# DIY Polycarbonate lid for ADA/rimless tanks



## fishman9809 (Feb 4, 2008)

finished this a few mins ago, thought it may be good to post:tell me if the vid doesnt work, i'll post the link instead:



yea, you can hear someone in the background at the end


----------



## freydo (Jan 7, 2006)

vid works fine. that's a nice lid... what other details can you give about the fabrication process? 

the only issue i have with your project is the material used. i'm worried that after a period of time, the polycarbonate will start to sag from the humidity and lights.

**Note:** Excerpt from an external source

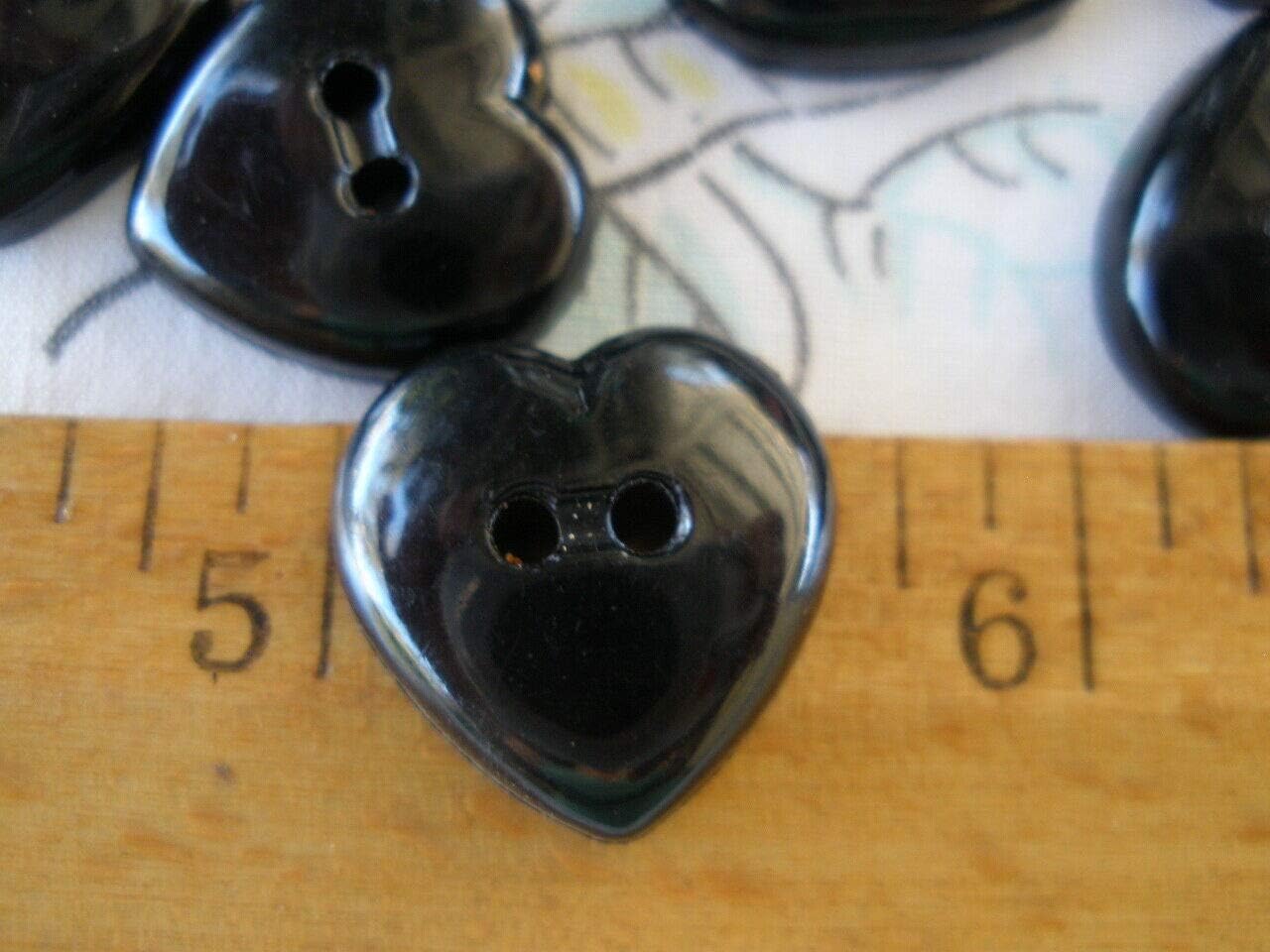 16mm Shiny Black Heart nfKN Buttons 2-Hole sew on Plastic 36 pcs Crafts Cool Sewing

otherwise it looks awesome on your tank.


----------



## fishman9809 (Feb 4, 2008)

im not too worried about it sagging, its quite thick, it'll last this setup's life probably. well, it was basically a spare piece of aplastic from TAP plastics here in CA, and i just got it cut to an 11.25" x11.25" square and just drilled feeding holes and the other cut were made with my trusty sabertooth handsaw


----------



## xJaypex (Jul 22, 2009)

so i finally found this thread!

can you tell me where you bought those things that holds the lid?
what are they called, thanks!


----------



## boink (Nov 29, 2006)

ADA tanks come with metal tabs.


----------



## Nymsley (Mar 24, 2009)

What are the metal tabs used for originally?

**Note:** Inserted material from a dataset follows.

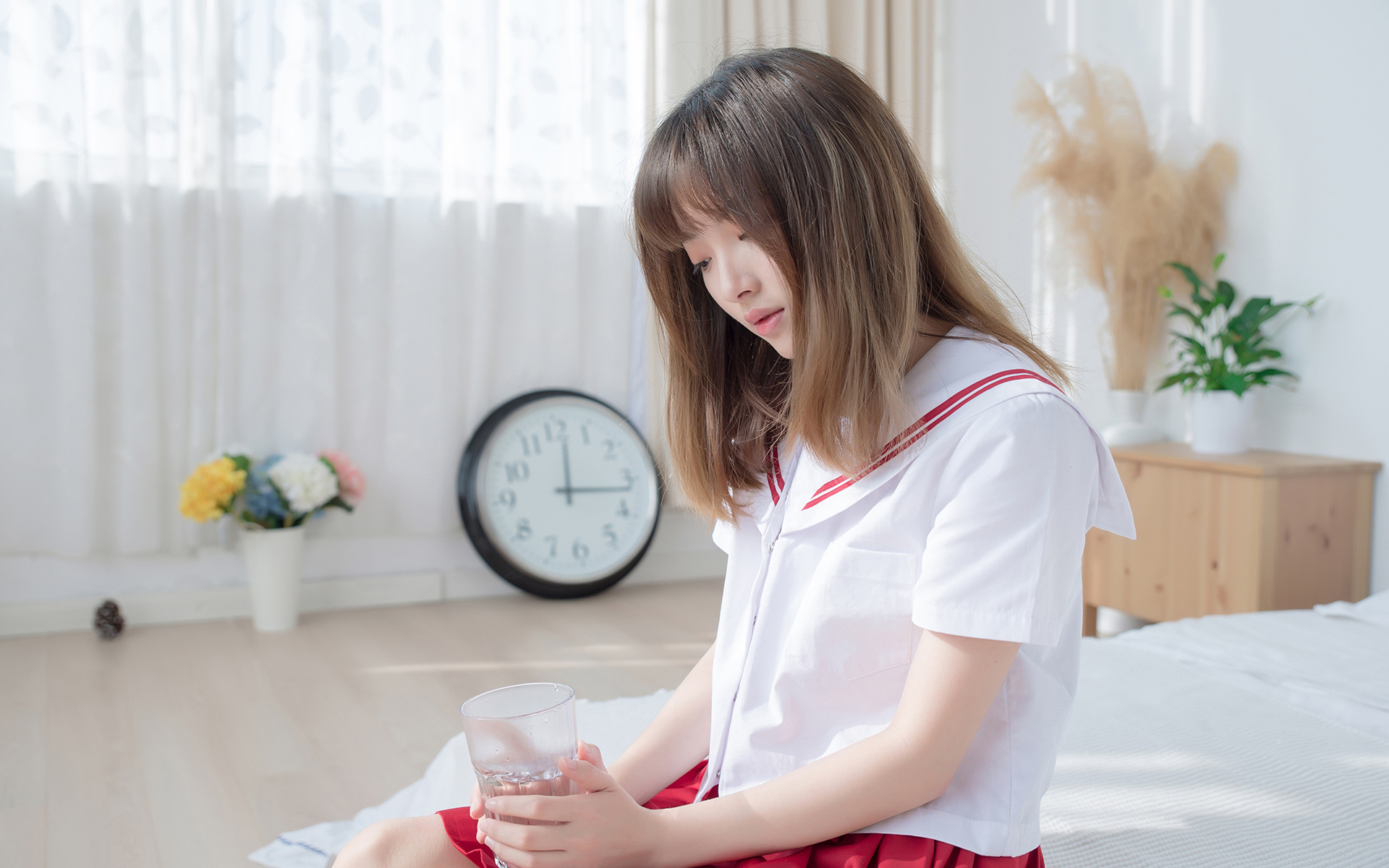 2017年3月性感漂亮美女高清日历壁纸图片 2017年3月性感漂亮美女高清日历壁纸图片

(Never had/seen an actual ADA.)


----------



## boink (Nov 29, 2006)

For an optional top if you want to put one on.


----------



## TAB (Feb 7, 2009)

did you make sure you got a UV stable poly carb? it make "milk out " on you other wise.


----------



## armedbiggiet (May 6, 2006)

I just went to a glass shop and cut one and sand it of the edge... they did all these for me for a good price... and got rid of my poly one.


----------



## Tex Gal (Nov 1, 2007)

I love your lid. Sure wish the little hangers were available for other tanks. It's a great idea for jumpers.


----------